Tuesday, February 25, 2020

Use Cases for MySQL NDB Cluster 8.0

In this blog I will go through a number of popular applications that use
NDB Cluster 8.0 and also how these applications have developed over the
years.

There is a presentation at slideshare.net accompanying this blog.

The first major NDB development project was to build a prototype of a
number portability application together with a swedish telecom provider.
The aim of this prototype was to show how one could build advanced
telecom applications and manage it through standardised interfaces.
The challenge here was that the telecom applications have stringent
requirement, both on uptime and on latency. If the database access
took too long time the telecom applications would suffer from
abandoned calls and other problems. Obviously the uptime of the
database part had to be at least as high as the uptime of the
telecom switches. Actually even higher since many telecom databases
are used by many telecom switches.

In the prototype setup NDB Cluster was running in 2 SPARC computers
that was interconnected using a low latency SCI interconnect from
Dolphin, the SPARC computer was also connected to the AXE switch
through Ethernet that connected to the central computer in the
AXE switch through a regional processor. This demo was developed
in 1997 and 1998 and concluded with a successful demo.

In 1999 a new development project started up within a startup arm
of Ericsson. In 1999 the financial market was very hot and to have
instant access to stock quotes was seen as a major business benefit
(it still is).

We worked together with a swedish financial company and together with
them we developed an application that had two interfaces towards
NDB Cluster. One was the feed from the stock exchange where stock
order was fed into the database. This required low latency writes into
NDB Cluster and also very high update rates.

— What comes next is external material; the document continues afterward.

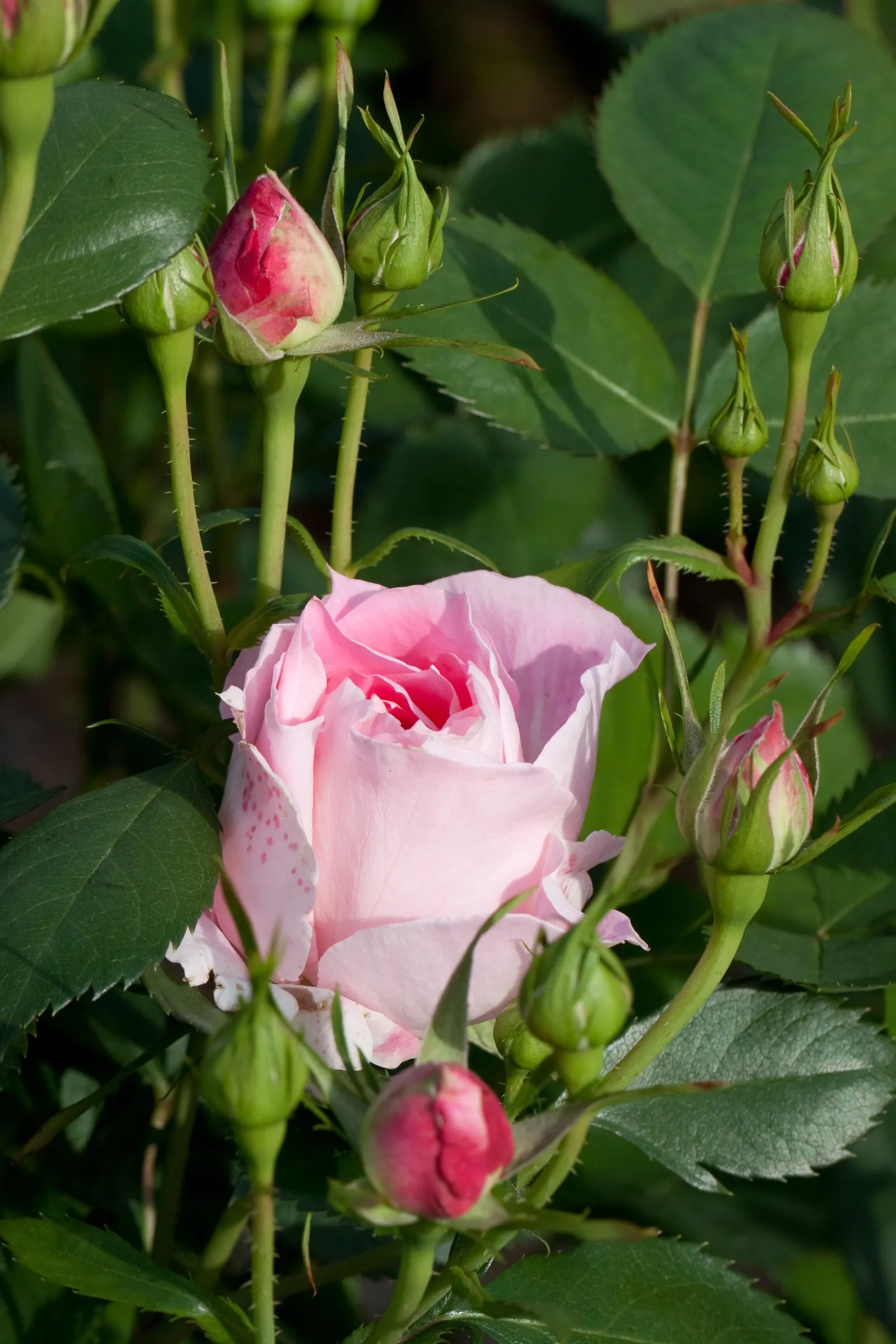 Botanical Wonder (Fatshedera Lizei) — It prefers partial to full shade and thrives in well-drained soil; pushing its vertical limits up to 6 to 8 feet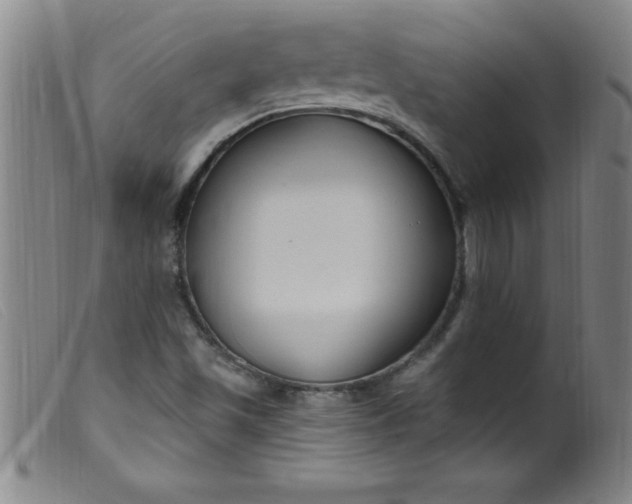X0000099481501200805231842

The second interface provided real-time stock quotes to users and
other financial applications. This version was a single-node
database service.

We delivered a prototype of this service that worked like a charm in
2001. At this point however the stock markets plunged and the financial
markets was no longer the right place for a first application for NDB
Cluster.

Thus we refocused the development of NDB Cluster back towards the
telecom market. This meant that we focused heavily on completing the work
on handling node failures of all sorts. We developed test programs that
ran thousands of node failures of all sorts every day. We worked with a
number of prospective customers in 2002 and 2003 and developed a number
of new versions of NDB Cluster.

The first customer that adopted NDB Cluster in a production environment
was Bredbandsbolaget, we worked together with them in 2003 and 2004 and
assisted them in developing their applications. Bredbandsbolaget was and
is an internet service provider. Thus the applications they used NDB
Cluster in was things like a DNS service, a DHCP service and so forth.

We worked close with them, we even had offices in the same house and on
the same floor, so we interacted on a daily basis. This meant that the
application and NDB Cluster was developed together and had a perfect
fit for each other. This application is still operational and have been
so since 2004. I even had Bredbandsbolaget as my own internet service
provider for 10 years. So I was not only developing NDB Cluster, I was
also one of its first users.

In 2003 NDB Cluster development was acquired by MySQL and we changed the
name to MySQL Cluster. Nowadays there are other clustering products within
the MySQL area, so to distinguish NDB Cluster I sometimes use
MySQL NDB Cluster and sometimes simply NDB Cluster. However the product
name is still MySQL Cluster.

After Bredbandsbolaget we got a number of new large customers in the telecom
area. Many of those telecom customers have used LDAP as the application
protocol to access their data since there was some standardisation in the
telecom sector around LDAP. To assist this there is a storage engine
to access NDB Cluster from OpenLDAP. One example of such a telecom
application is Juniper SBR Carrier System that has a combination of
SQL access, LDAP access, HTTP access, RADIUS acces towards NDB Cluster.
NDB is used in this application as a Session State database.

All sorts of telecom applications remains a very important use case for
NDB Cluster. One interesting area of development in the telecom space is
5G and IoT that will expand the application space for telecom substantially
and will expand also into self-driving cars, smart cities and many more
interesting applications that require ultra high availability coupled with
high write scalability and predictable low latency access.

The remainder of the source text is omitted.